Small Business Super Risks

Many small business owners neglect to pay themselves super believing the business will fund their retirement. We share some useful insights from Helen Barker of Inside Small Business, regarding the resultant risks and lost opportunities for SME business owners who don’t pay themselves super.

Risks

  • Your business fails: You can’t be certain that your business will survive as long as you. Without super to fall back on, you’ll be left with nothing to show for your efforts should the worst happen.
  • Your business sells for less than you hoped: Your business may be worth a lot now, but that may not be the case when you want to retire or need to due to ill health or some other change in circumstances. Again, without super, you are left exposed.
  • Your business fails to sell: Planning to sell your business and being able to do so are very different things. There are a lot of reasons why a business may fail to sell: some you can fix, others not. If you have super, you could semi-retire or appoint a general manager to run things for you until you do find a buyer. Without super, you are stuck working for longer.
  • Lost earnings: Under new rules, inactive low-balance super accounts (those with no incoming contributions) must be wound up. While monies from closed funds can be returned, you’ll lose the earnings they could have built had the account stayed open, plus any insurance policies you had tied to them.

Lost Opportunities

  • Business premises: For some business owners, a self-managed super fund (SMSF) can deliver both business and personal benefits.

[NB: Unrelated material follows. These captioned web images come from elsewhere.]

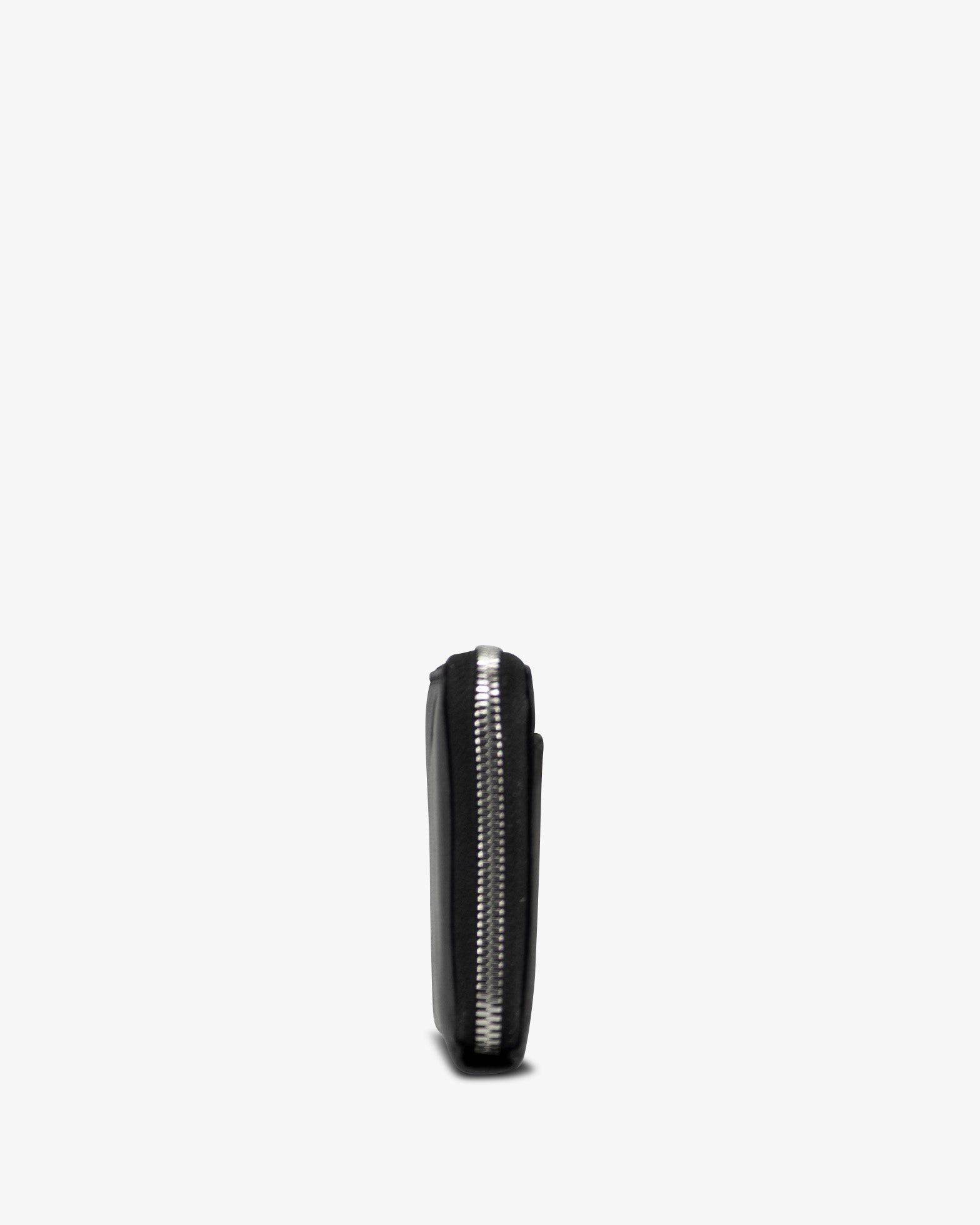 Tasche ODENSE Zip Wallet Large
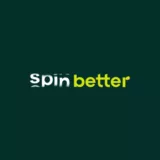 Spinbetter Казино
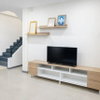 listing thumbnail image 2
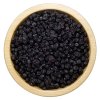 Blaubeeren-1kg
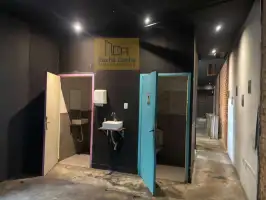 Conheça Salão para alugar São Paulo,SP Vila Anastácio - R$ 6.500 - LOCACAO4725 - 5 5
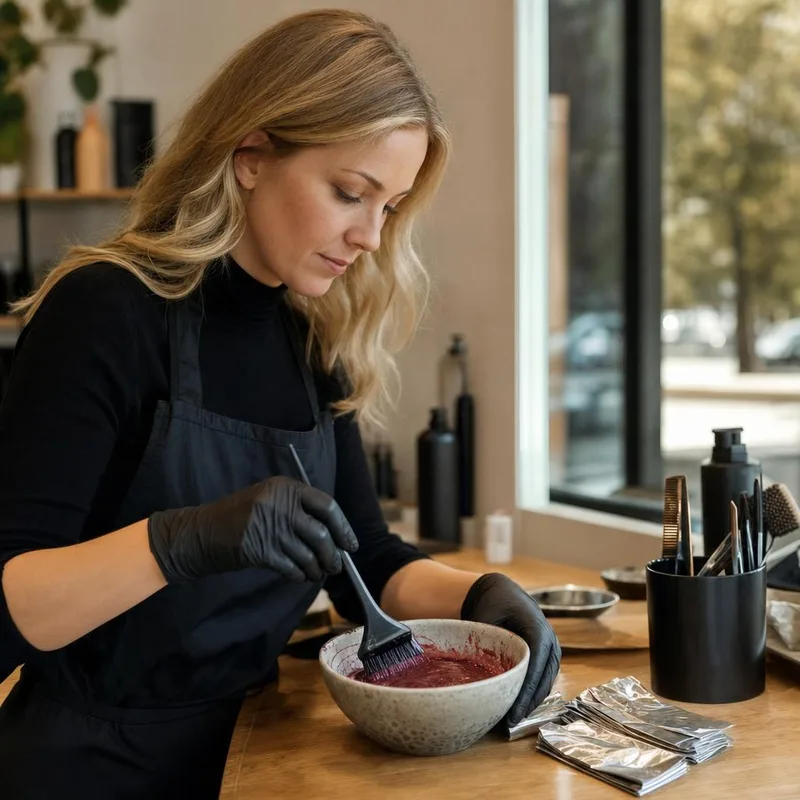 Individualan pristup svakom klijentu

Your SMSF can purchase the property from which the business operates and set the rent it pays. You own an additional asset from the business and the rent ultimately goes back to you instead of some third party. Meanwhile, the business can enjoy favourable rental terms, such as price reductions when cash flow is tight.
  • Lower tax bills: Self-employed Australians are generally able to claim a deduction for their pre-tax super contributions. Plus, super contributions are only taxed at 15 percent, whereas most incomes are taxed at a much higher rate. That means your taxable income goes down, even though the money is going to yourself via your super.
  • Co-contributions: If you are deemed to be a low-income earner (many self-employed people earn less than their employees), you may be eligible for government co-contributions.
  • Spousal contributions: Depending on your spouse’s income, you could reduce your tax bill by contributing to their super too. Plus, they may then qualify for government co-contributions on top of those payments you make.
  • Compounding effect: Not investing in super in your younger days means you don’t benefit from the compounding effect over your working life. And by depositing funds along the way, you can take advantage of price cycles in various assets (buy low, sell high) to generate better overall returns.
  • Insurance protections: Life, disability, and income protection insurances provide a safety net over your ability to earn a living. You may not bother with them if they had to come out of the household budget. But with super paying for them, you can protect yourself and your family without feeling the pinch.